Diyarbakır Cumhuriyet Başsavcılığınca Arslan’ın şehit olduğu saldırıyla ilgili tutuklu Muhammed Emir Cura ve Ferit Aytekin ile onlara yardım eden 4 sanık hakkında hazırlanan iddianame, 13. Ağır Ceza Mahkemesince kabul edildi.
İddianamede, 30 Mayıs’ta şehit polis memuru Arslan’ın da yer aldığı görevli ekibin 5 Nisan Mahallesi’nde Cura, Aytekin ve Mehmet Aydın’ı şüpheli hareketlerinden dolayı takibe aldığı belirtildi.
Şüpheli Aytekin ve Cura’nın, Arslan’ın önünden geçtikten bir süre sonra üzerlerinde bulunan ruhsatsız tabancaları birbirlerine vermek suretiyle değiştirdikleri bildirilen iddianamede, bunun üzerine Arslan’ın “dur polis” şeklinde ihtarda bulunduğu kaydedildi.
Aydın, Aytekin ve Cura’nın kaçmaya başlaması üzerine Arslan’ın kovalamaya başladığı ve girdikleri sokakta yakaladığı sırada sanıkların ruhsatsız tabancalarla ateş ettiği aktarılan iddianamede, yaralanan Arslan’ın kaldırıldığı hastanede şehit olduğu anımsatıldı.

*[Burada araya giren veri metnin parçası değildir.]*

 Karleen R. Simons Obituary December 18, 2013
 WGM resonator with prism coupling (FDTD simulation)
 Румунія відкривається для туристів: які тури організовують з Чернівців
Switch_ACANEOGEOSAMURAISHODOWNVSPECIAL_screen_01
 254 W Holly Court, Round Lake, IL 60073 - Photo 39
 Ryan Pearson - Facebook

OLAYIN FAİLİ CURA DELİLLERİ YOK ETMEK İÇİN TİŞÖRTÜNÜ DİĞER ŞÜPHELİYLE DEĞİŞTİRMİŞ
İddianamede, sanık Cura’nın olaydan sonra aynı mahallede bekar evi olarak kullandıkları bir eve gittiği ifade edilen iddianamede, şunlara yer verildi:
“Cura, saldırıda kullandığı silahı A.K’ye vererek ‘Bu silahı kaybedin, beni de bu beladan kurtarın.’ dediği ve sonrasında S.T’nin tişörtünü giyerek kendi tişörtünü de S.T’ye vererek elini yüzünü yıkadıktan sonra evden ayrılmıştır. Şüpheli S.T. Cura’ya tişörtünü vererek, onun tişörtünü de kendisi alarak suç delillerini gizleme veya yok etmek kastıyla hareket ettiğine yönelik yeterli şüphe oluşmuştur. Şüpheliler A.K. ve M.E. de söz konusu silahı siyah poşete koyarak gece polise silah bulduklarına dair ihbarda bulunmuştur. Yapılan inceleme sonucunda Arslan’ın ölümüne sebebiyet veren silah ile aynı silah olduğu anlaşılmıştır.”

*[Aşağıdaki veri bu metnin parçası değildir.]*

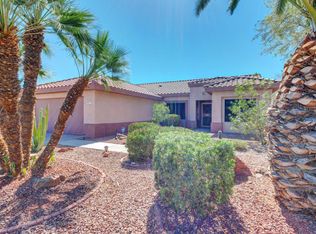 20377 N Shadow Mountain Dr, Morehead City, AZ 85374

OLAY YERİNDEKİ KOVAN VE DEFORME MERMİ CURA’NIN SİLAHINDAN ATILDI
Hazırlanan uzmanlık raporunun da yer aldığı iddianamede, olay yerinde bulunan kovan ve deforme olan merminin Cura tarafından olayda kullanılan silahtan atıldığının tespit edildiği belirtildi.

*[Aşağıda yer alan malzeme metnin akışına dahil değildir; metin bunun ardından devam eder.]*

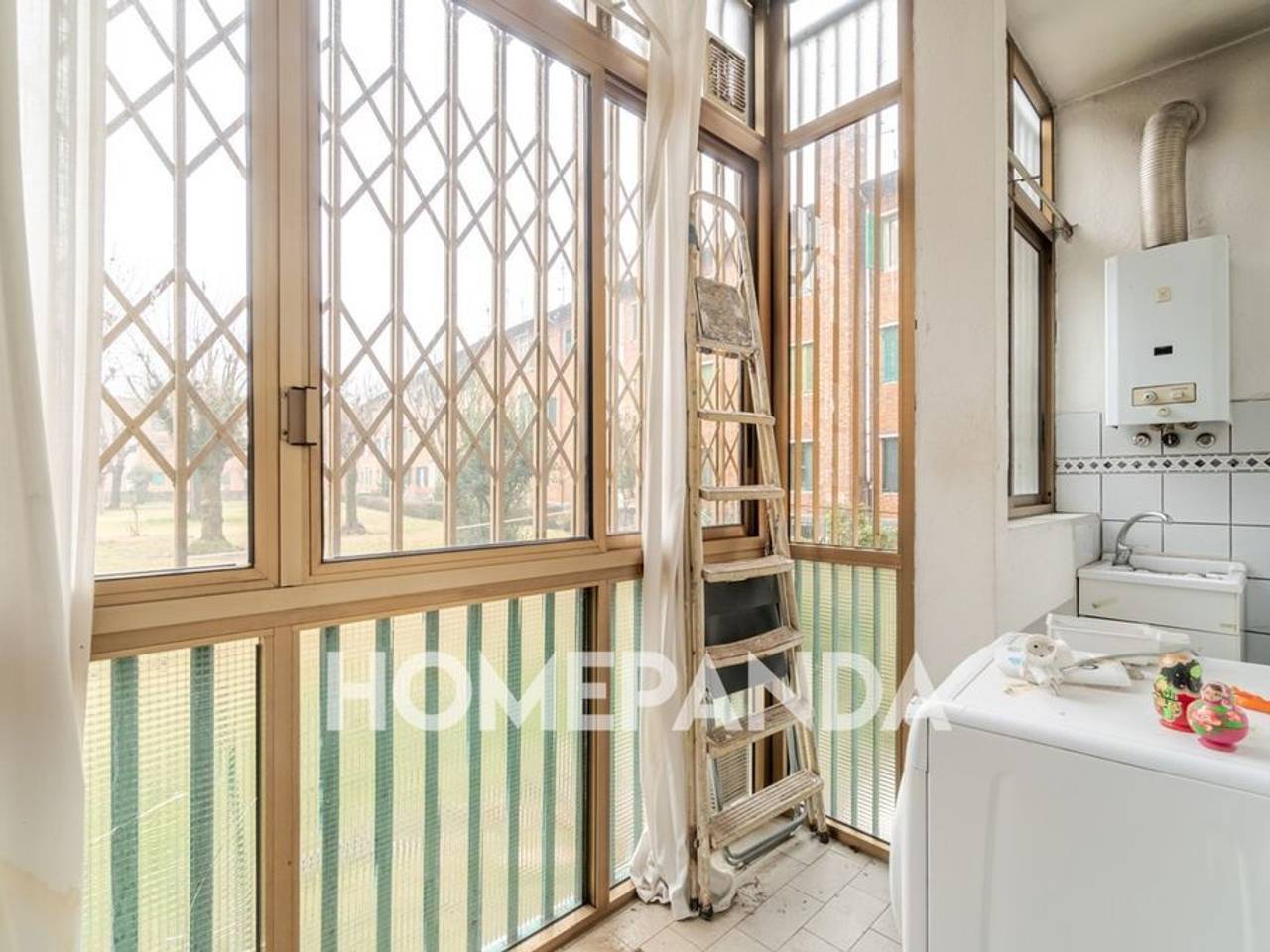 immagine annuncio 6 di 15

İddianamede, Cura ve Aytekin’in ifadelerinde suçu birbirine attığını, savunmalarına itibar edilmediği ve suçtan kurtulmaya yönelik beyanlarının hayatın olağan akışına uygun olmadığı belirtildi.
İddianamenin değerlendirme ve sonuç kısmında ise şunlar yer aldı:
“Şüpheli Cura, yakalanmamak amacıyla görevi gereği ihtarda bulunarak müdahale eden polis memurunun hayati bölgelerine hedef alarak öldürmek kastıyla hareket etmiştir. Şüphelilerden Aytekin ise Cura’ya ‘geldi geldi’ diye bağırarak ve üzerindeki silahı maktule doğrultarak Cura’nın eylemine asli fail olarak iştirak etmiştir. Şüpheli Aydın ise ihtardan sonra şüphelilerin yanında bulunarak onlara manevi olarak cesaret verdiği ve sonradan polislerin takibini imkanını ortadan kaldırmak amacıyla farklı yöne kaçarak şüphelilerin eylemine yardım eden olarak iştirak etmiştir.”
Şüphelilerin üzerlerine atılı suçları işlediklerine yönelik yeterli şüphenin oluştuğu, biyolojik inceleme raporları dışında tüm delillerin toplandığına işaret edilen iddianamede, “Olayda kullanılan 2 silahın şüpheliler Cura ve Aytekin’in olay öncesinde 2 kez el değiştirdiğinin sabit olması nedeniyle biyolojik inceleme raporlarının suçun sübutuna etki edecek nitelikte olmadığı anlaşılmıştır. Raporların mahkeme aşamasında da alınabileceği ve bu nedenle şüphelilerin cezalandırılmalarına karar verilmelidir.” denildi.
İSTENİLEN CEZA
İddianamede, Muhammed Emir Cura ve Ferit Aytekin’e, “kişiyi yerine getirdiği kamu görevi nedeniyle kasten öldürme” ve “ruhsatsız ateşli silahlarla mermileri satın alma, taşıma veya bulundurma” suçlarından ağırlaştırılmış müebbet ile 1 yıldan 3 yıla kadar hapis, Mehmet Aydın’a “kişiyi yerine getirdiği kamu görevi nedeniyle kasten öldürme” suçuna “yardım eden” sıfatıyla 15 yıldan 20 yıla kadar, olaydan sonra şüphelilere yardım eden A.K. ve M.E’ye, “suç delillerini yok etme, gizleme veya değiştirme” ve “ruhsatsız ateşli silahlarla mermileri satın alma, taşıma veya bulundurma” suçundan 1 yıl 6 aydan 8 yıla kadar, S.T hakkında da ise “suç delillerini yok etme, gizleme veya değiştirme” suçundan 6 aydan 5 yıla kadar hapis cezası isteniyor.